BONUS: Q – Quasi-Contract: A quasi-contract is not a true contract but is imposed by law to prevent unjust enrichment when one party benefits at the expense of another without a valid agreement.
R – Restitution: Restitution aims to restore a party to the position they were in before entering a contract. It is often awarded when a contract is rescinded or deemed unenforceable, or in cases of unjust enrichment.
S – Specific Performance: Specific performance is an equitable remedy requiring a breaching party to fulfill their contractual obligations. It is typically available when monetary damages are inadequate, such as in contracts involving unique goods or real estate.
BONUS: S – Statute of Frauds: The Statute of Frauds requires certain contracts to be in writing and signed by the party to be charged. Examples include contracts for the sale of land, contracts lasting more than one year, and contracts for the sale of goods over $500.
T – Tender of Performance: Tender of performance occurs when a party offers to perform their obligations under the contract. A valid tender discharges the party's obligations and may entitle them to remedies if the other party refuses to perform.
BONUS: T – Termination Clause: A termination clause specifies conditions under which a contract may be ended. It often includes provisions for notice and defines the consequences of termination.
U – Unilateral Contracts: A unilateral contract is one in which only one party makes a promise, and acceptance occurs through performance. An example is a reward offer: the promisor is bound once the promisee completes the requested act.
BONUS: U – Unconscionability: Unconscionability occurs when a contract is so one-sided that it is unfair to one party. Courts may refuse to enforce unconscionable contracts or modify their terms.
V – Void and Voidable Contracts: A void contract is unenforceable from the beginning and has no legal effect, such as agreements for illegal activities. A voidable contract is valid but can be disaffirmed by one party due to factors like fraud or incapacity.

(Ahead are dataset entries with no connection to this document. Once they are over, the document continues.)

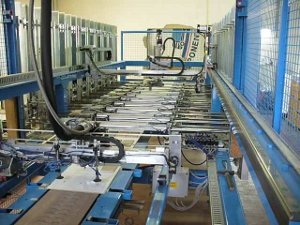 Mquina montadora automtica para carpetas expositoras de azulejos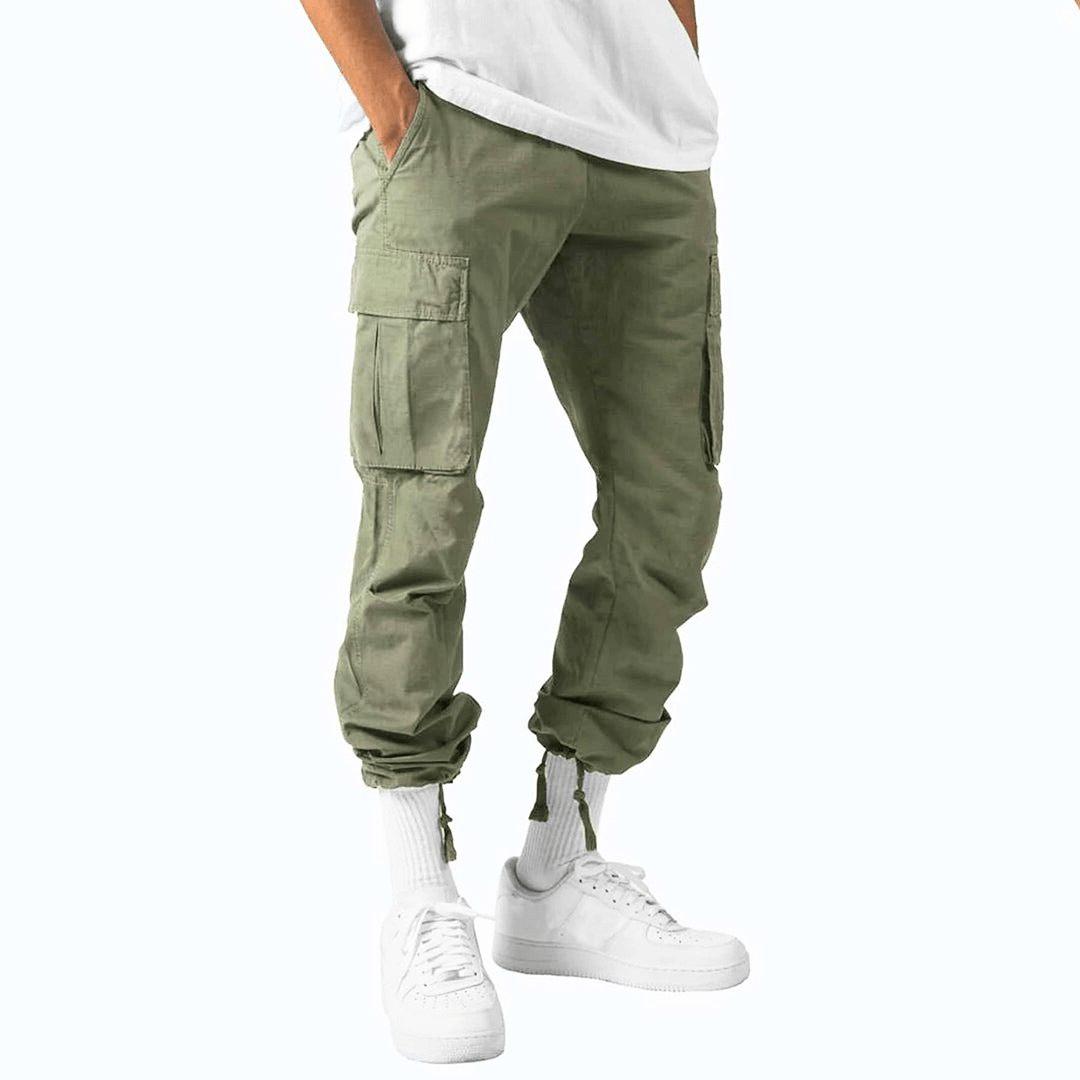"Grijze heren cargo broek met multi-pocket ontwerp, comfortabele pasvorm en verstelbare tailleband, ideaal voor dagelijks geb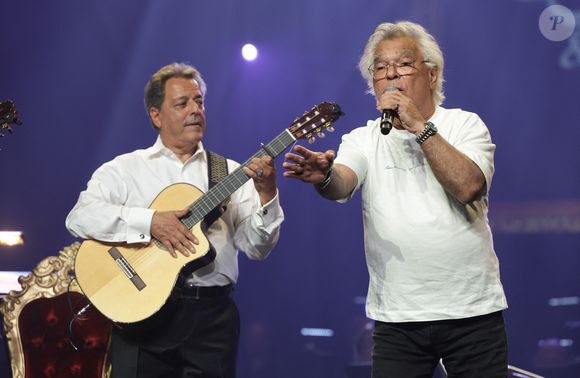 Exclusif - Chico Bouchikhi et Nicolas Reyes - Chico & The Gypsies célèbrent 45 ans de carrière au Palais des Congrès avec un concert symphonique inédit le 24 mai 2025. Portés par 80 musiciens et des invités prestigieux, leurs tubes cultes ont résonné dans une version grandiose, entre rumba, flamenco et symphonie.
© Guirec Coadic / Bestimage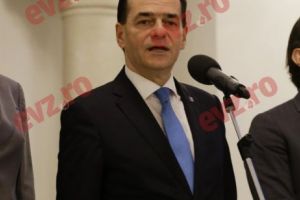 PMP a muncit degeaba. PNL şi USR strâmbă din nas la moţiunea de cenzură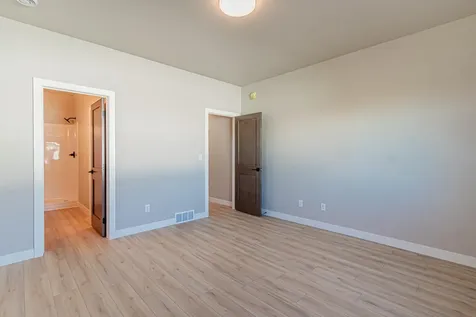 5846 James Drive W West Fargo ND 58078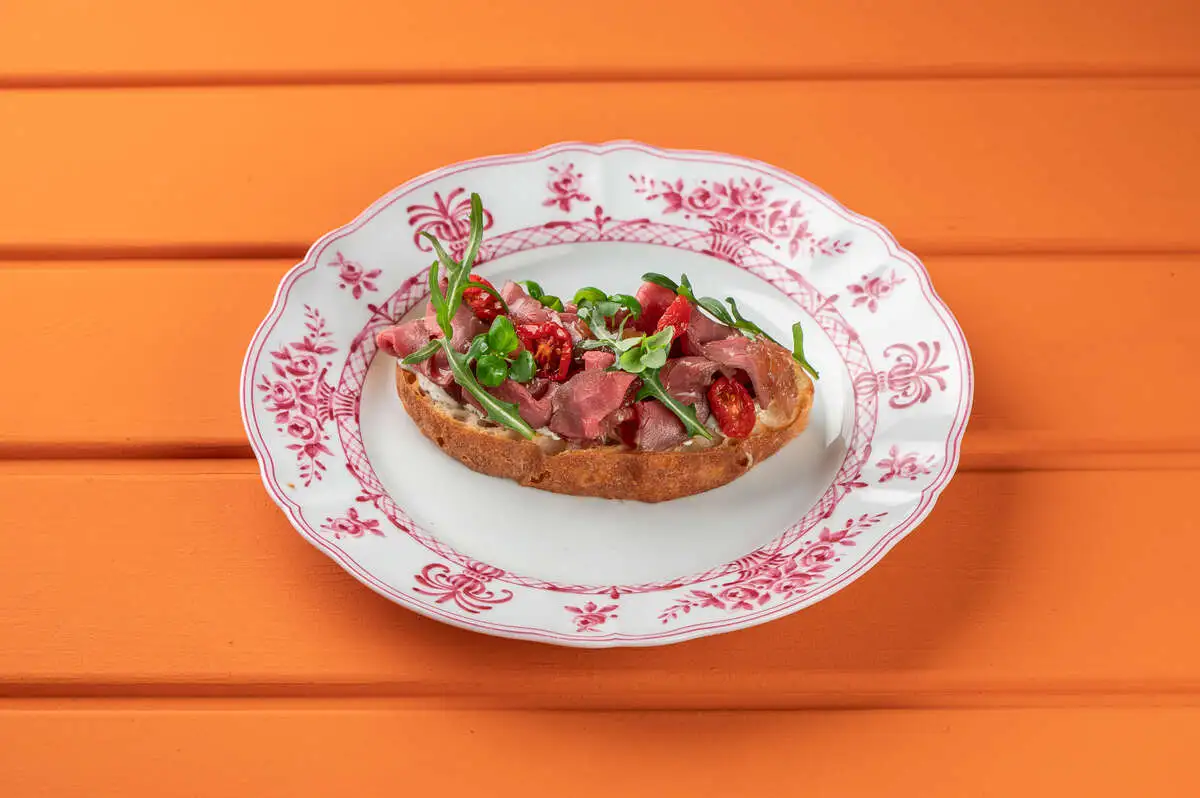Брускетта с томатной сальсой, ростбифом и креметтой	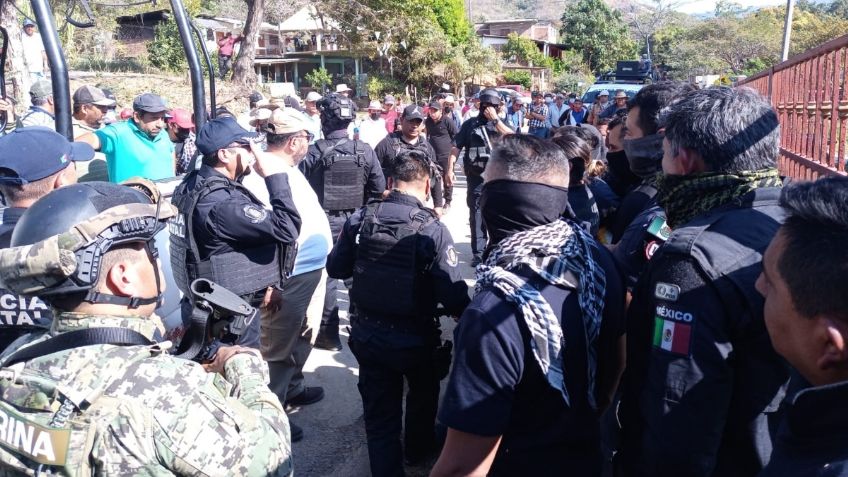 Cinco muertos deja enfrentamiento entre policías Estatales y civiles armados en Guerrero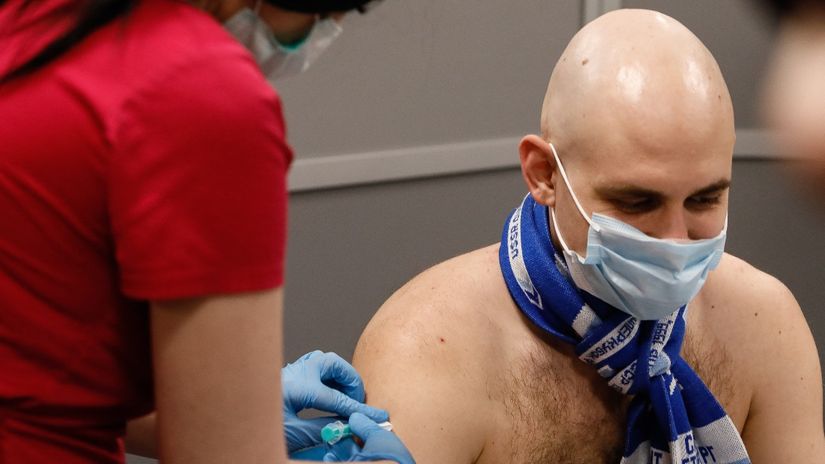 A supporter getting vaccinated at Krestovsky Stadium (©AFP)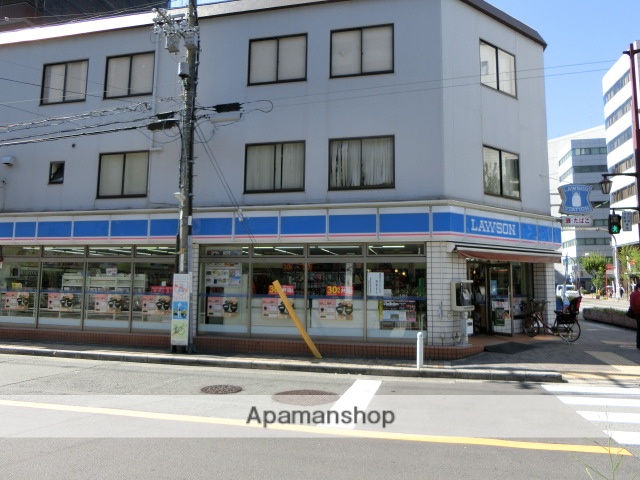 コンビニ　ローソン（コンビニ）まで84m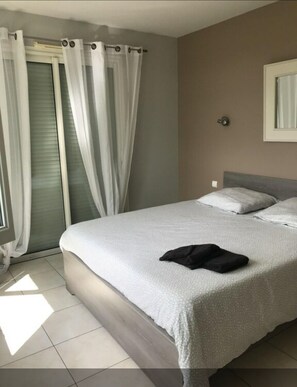 8 bedrooms, desk, iron/ironing board, travel cot
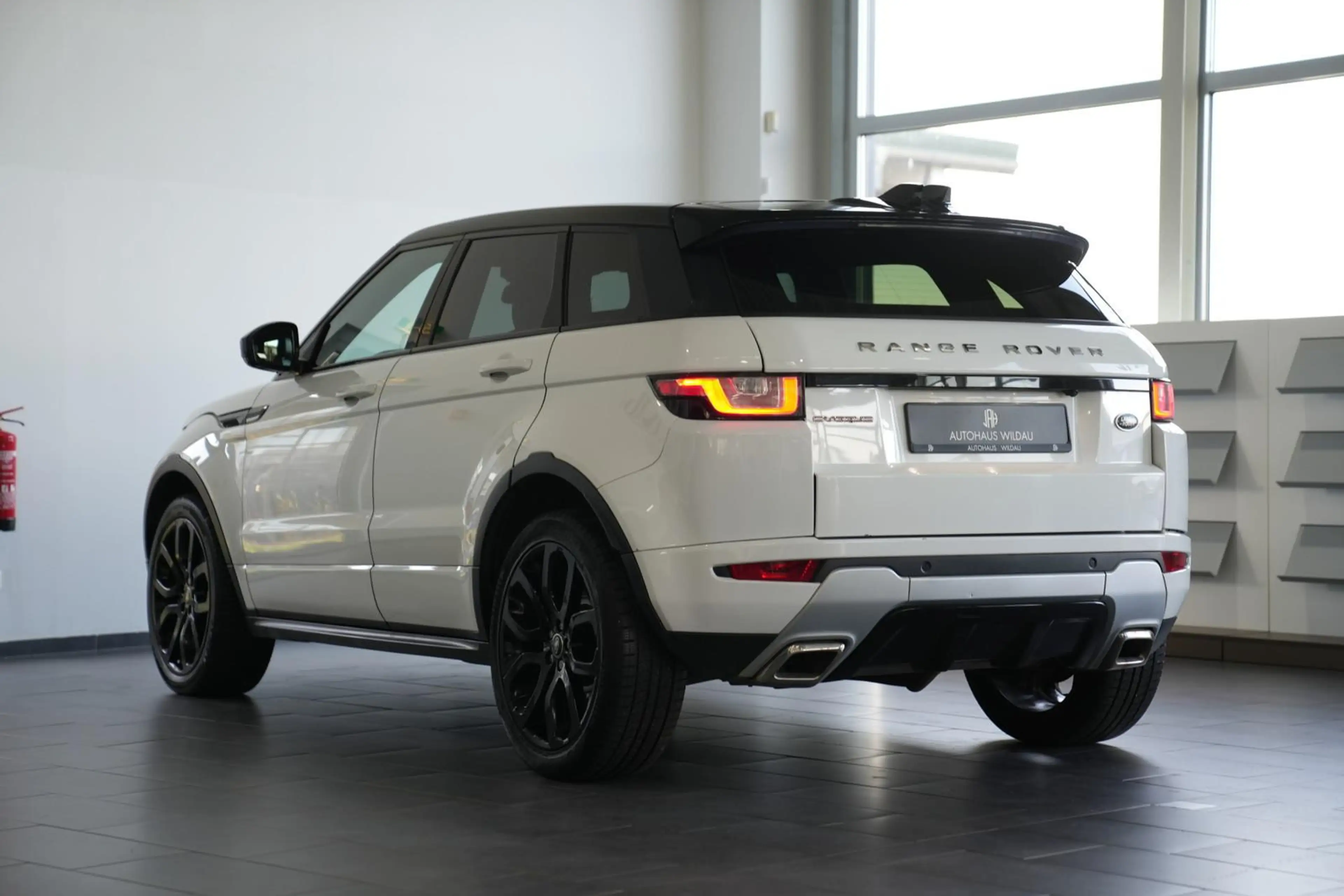 Land Rover Range Rover Evoque SE Dynamic *AUT*NAV*PANO*LED*SHZ* — photo 10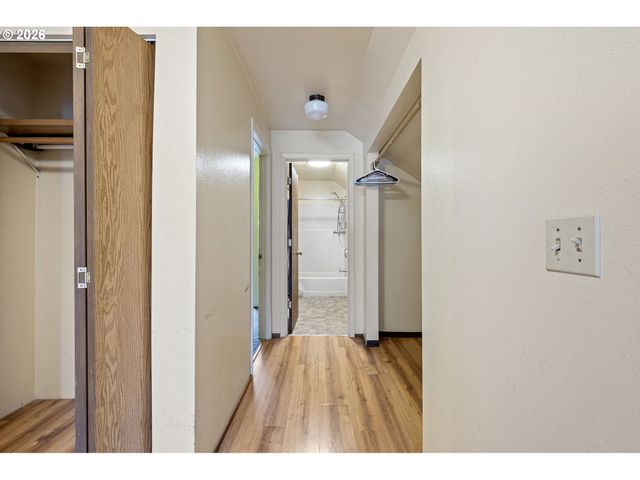 1826 MILL St, Eugene, OR 97401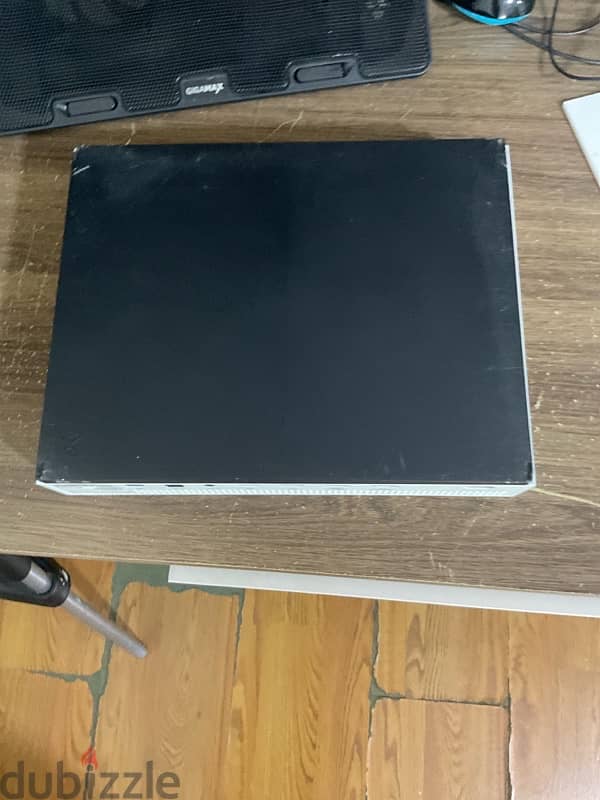 Xbox one S 500gb - Used condition 3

BONUS: V – Valid Offer: A valid offer must include definite terms, be communicated to the offeree, and demonstrate an intent to be bound upon acceptance.
W –Waiver: A waiver occurs when a party voluntarily relinquishes a known right under the contract. It can be express or implied by conduct.
X – Express Warranty: An express warranty is a seller's promise or affirmation regarding the quality, description, or performance of goods sold. Such warranties are created through statements, descriptions, or samples provided by the seller and become part of the basis of the bargain.
Y – Yielding to Public Policy: Courts may decline to enforce contractual provisions that conflict with public policy. For example, contracts that restrict competition unreasonably or involve illegal activities are unenforceable.
BONUS: Y – Yearly Contracts: Contracts that cannot be performed within one year from their formation fall under the Statute of Frauds and must be in writing to be enforceable.
Z – Zealous Representation: In legal practice, contracts often involve clauses requiring parties to act in good faith and represent their interests zealously without engaging in bad faith or unethical conduct.